» **What is being asked**
All of the data should be given again word for word, though the images are to be left out.

» **The records**
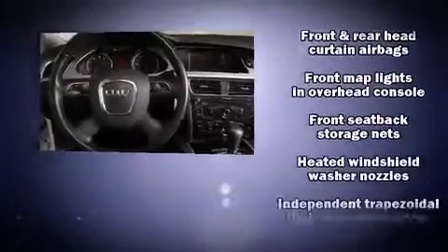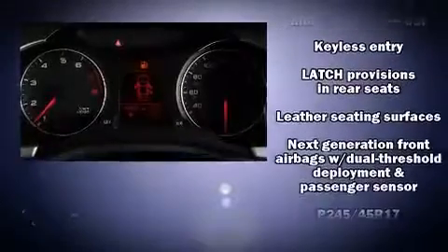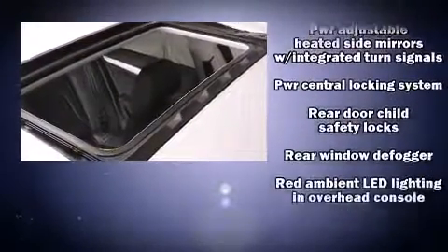Audi ensures the safety and security of its passengers with equipment such as anti-whiplash front head restraint, a security system, and four-wheel disc brakes with ABS.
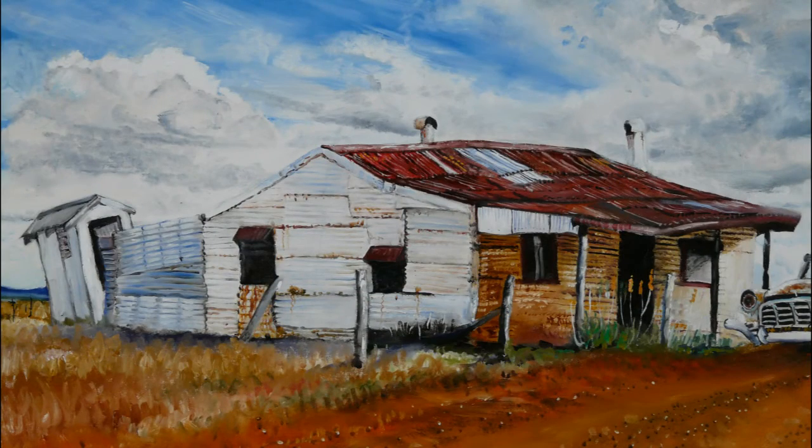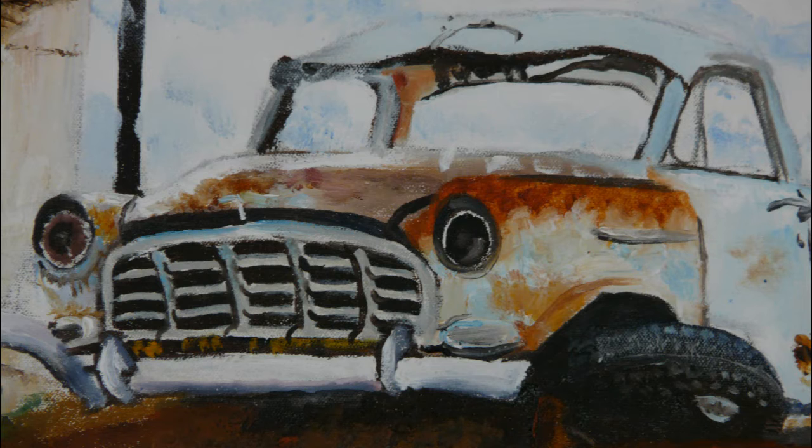We met the most wonderful people at Lightning Ridge. It's where we met Toby, who became the second portrait in my Anzac series. And you can see that video on my YouTube channel.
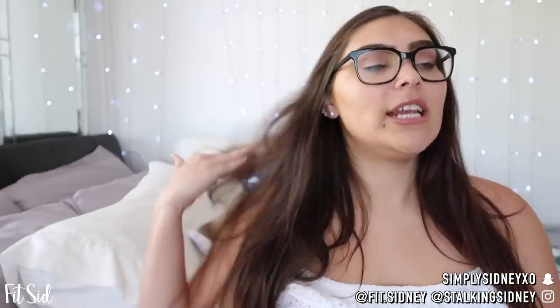Hey FitFam! Welcome back to my channel. This is Sydney, also known as FitSid on YouTube. If you've never been to my channel before, hi, welcome.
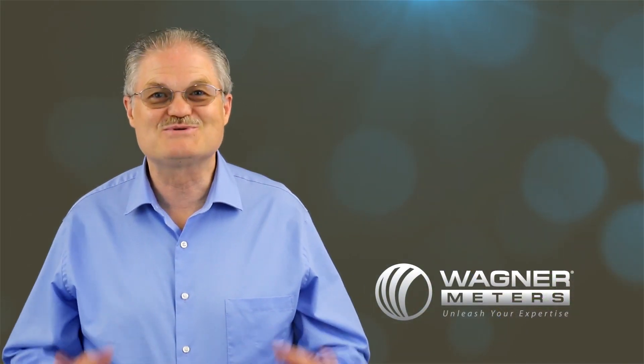This is Ed Wagner. Thanks for watching and together, let's keep learning. Check out these other videos and click subscribe.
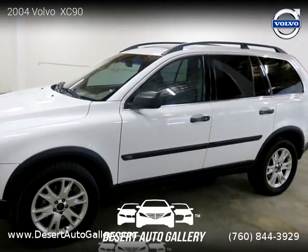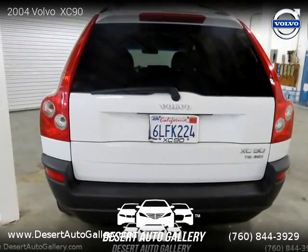For more information, please visit us at DesertAutoGallery.com or call us at 760-844-3929. Thank you for watching our video.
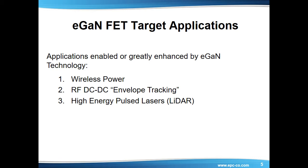Envelope tracking is accomplished by tracking the power demand precisely and providing the power to exactly fit the amplifier's signal modulation needs. Today, RF power amplifiers operate at a fixed power level delivering maximum power whether or not the transmitter needs it. eGAN FETs are the first power transistors capable of tracking power demands at the high data transmission rates used in 4G and soon to be 5G LTE networks.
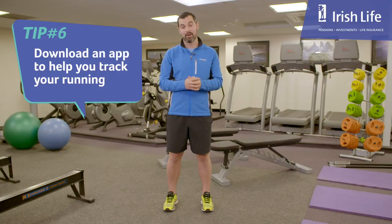My final tip is one if you really want to bring your running on to another level. You can download an app such as Map My Run or purchase a GPS watch. Get your splits, your distance, your times — it's a great way to really change your running and run much more efficiently.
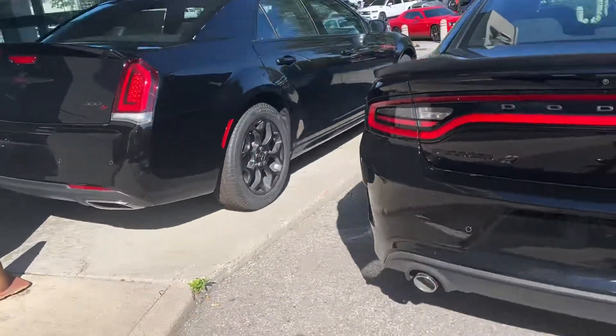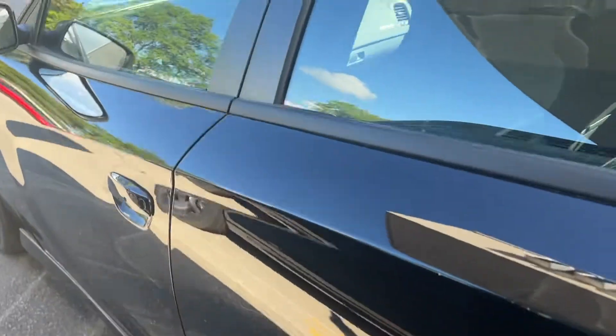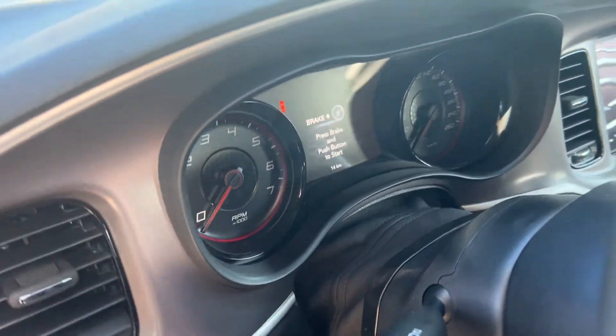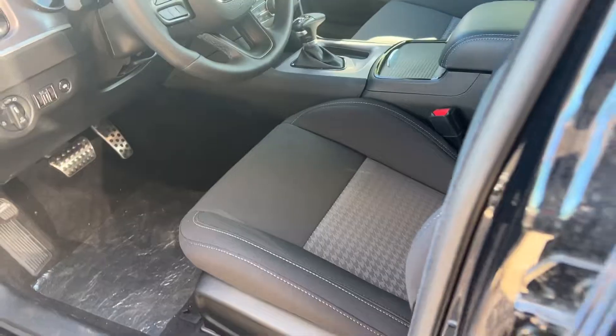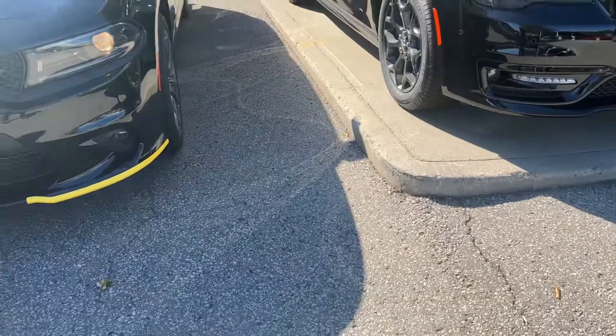We got it right next to a 300S. This Charger is available here at Scarborough Town, and no one's even driven it yet — just got it, 14 kilometers. Beauty. If you want to come see it in person, I'd be happy to help you with that.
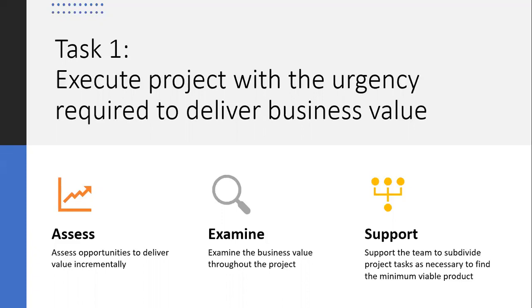Support the team to subdivide project tasks as necessary to find the MVP. These are all Agile-related terms. So if you are struggling with understanding Agile, you definitely want to be in that training at AgilePrincipal.com, so your understanding of Agile is made more wholesome.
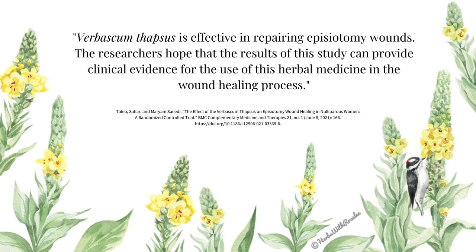A clinical trial published in 2021 showed that people using a topical cream of mullein on episiotomy wounds had significantly better results than those using a placebo. The study concluded that Verbascum thapsus is effective in repairing episiotomy wounds, and the researchers hope that the results can provide clinical evidence for the use of this herbal medicine in the wound healing process.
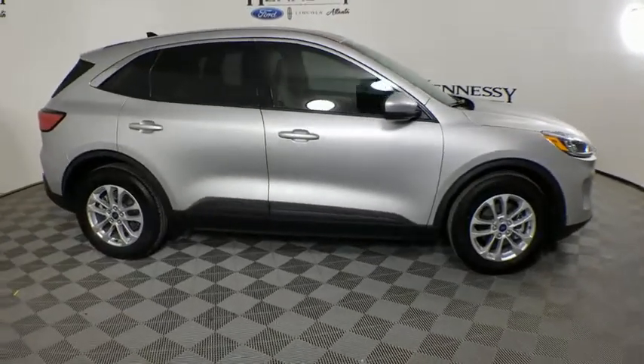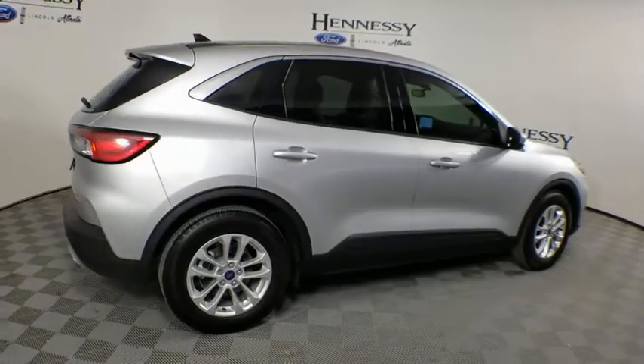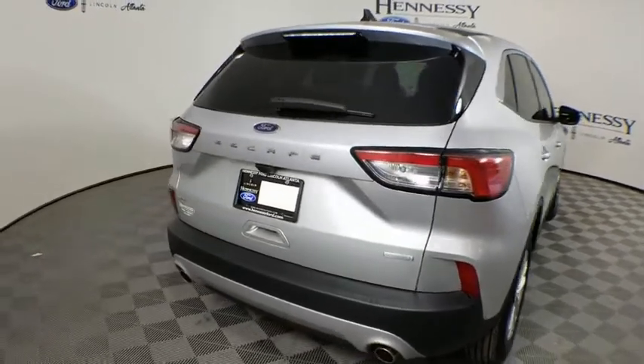Dual airbags, power steering, adjustable steering wheel, four-wheel disc brakes, keyless start, cruise control, aluminum wheels, floor mats, AM FM stereo radio, climate control.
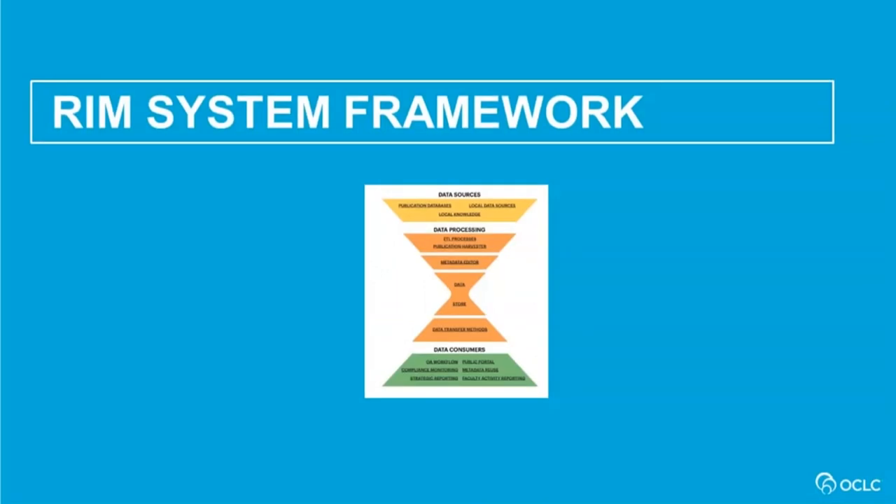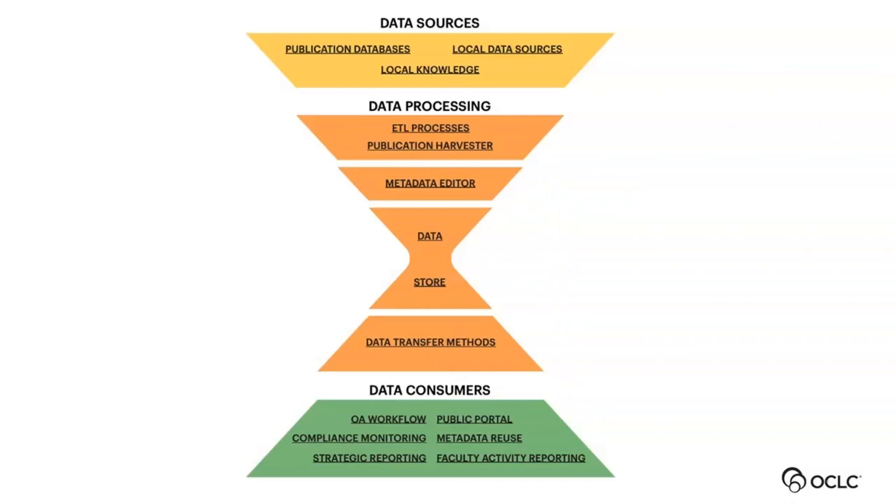Thank you, Rebecca. When we were writing up these case studies with all the different use cases, we found we needed a common language to describe the components of each system. It's one thing to say that an institution licenses Elements or Pure or uses Vivo, but that's only part of what they're doing to keep their system running. We came up with this framework, which starts at the top with data sources and flows down through a data store to the consumers of the data that fulfill the use cases Rebecca described.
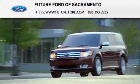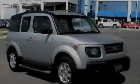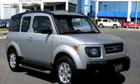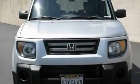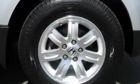Another fine vehicle offered by Future Ford of Sacramento. This is a 2007 Honda Element, unconventional shape for unconventional style. It features a 2.4-liter four-cylinder engine and a five-speed automatic transmission.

» **Expected answer**
Audi ensures the safety and security of its passengers with equipment such as anti-whiplash front head restraint, a security system, and four-wheel disc brakes with ABS.
We met the most wonderful people at Lightning Ridge. It's where we met Toby, who became the second portrait in my Anzac series. And you can see that video on my YouTube channel.
Hey FitFam! Welcome back to my channel. This is Sydney, also known as FitSid on YouTube. If you've never been to my channel before, hi, welcome.
This is Ed Wagner. Thanks for watching and together, let's keep learning. Check out these other videos and click subscribe.
For more information, please visit us at DesertAutoGallery.com or call us at 760-844-3929. Thank you for watching our video.
Envelope tracking is accomplished by tracking the power demand precisely and providing the power to exactly fit the amplifier's signal modulation needs. Today, RF power amplifiers operate at a fixed power level delivering maximum power whether or not the transmitter needs it. eGAN FETs are the first power transistors capable of tracking power demands at the high data transmission rates used in 4G and soon to be 5G LTE networks.
My final tip is one if you really want to bring your running on to another level. You can download an app such as Map My Run or purchase a GPS watch. Get your splits, your distance, your times — it's a great way to really change your running and run much more efficiently.
We got it right next to a 300S. This Charger is available here at Scarborough Town, and no one's even driven it yet — just got it, 14 kilometers. Beauty. If you want to come see it in person, I'd be happy to help you with that.
Support the team to subdivide project tasks as necessary to find the MVP. These are all Agile-related terms. So if you are struggling with understanding Agile, you definitely want to be in that training at AgilePrincipal.com, so your understanding of Agile is made more wholesome.
A clinical trial published in 2021 showed that people using a topical cream of mullein on episiotomy wounds had significantly better results than those using a placebo. The study concluded that Verbascum thapsus is effective in repairing episiotomy wounds, and the researchers hope that the results can provide clinical evidence for the use of this herbal medicine in the wound healing process.
Dual airbags, power steering, adjustable steering wheel, four-wheel disc brakes, keyless start, cruise control, aluminum wheels, floor mats, AM FM stereo radio, climate control.
Thank you, Rebecca. When we were writing up these case studies with all the different use cases, we found we needed a common language to describe the components of each system. It's one thing to say that an institution licenses Elements or Pure or uses Vivo, but that's only part of what they're doing to keep their system running. We came up with this framework, which starts at the top with data sources and flows down through a data store to the consumers of the data that fulfill the use cases Rebecca described.
Another fine vehicle offered by Future Ford of Sacramento. This is a 2007 Honda Element, unconventional shape for unconventional style. It features a 2.4-liter four-cylinder engine and a five-speed automatic transmission.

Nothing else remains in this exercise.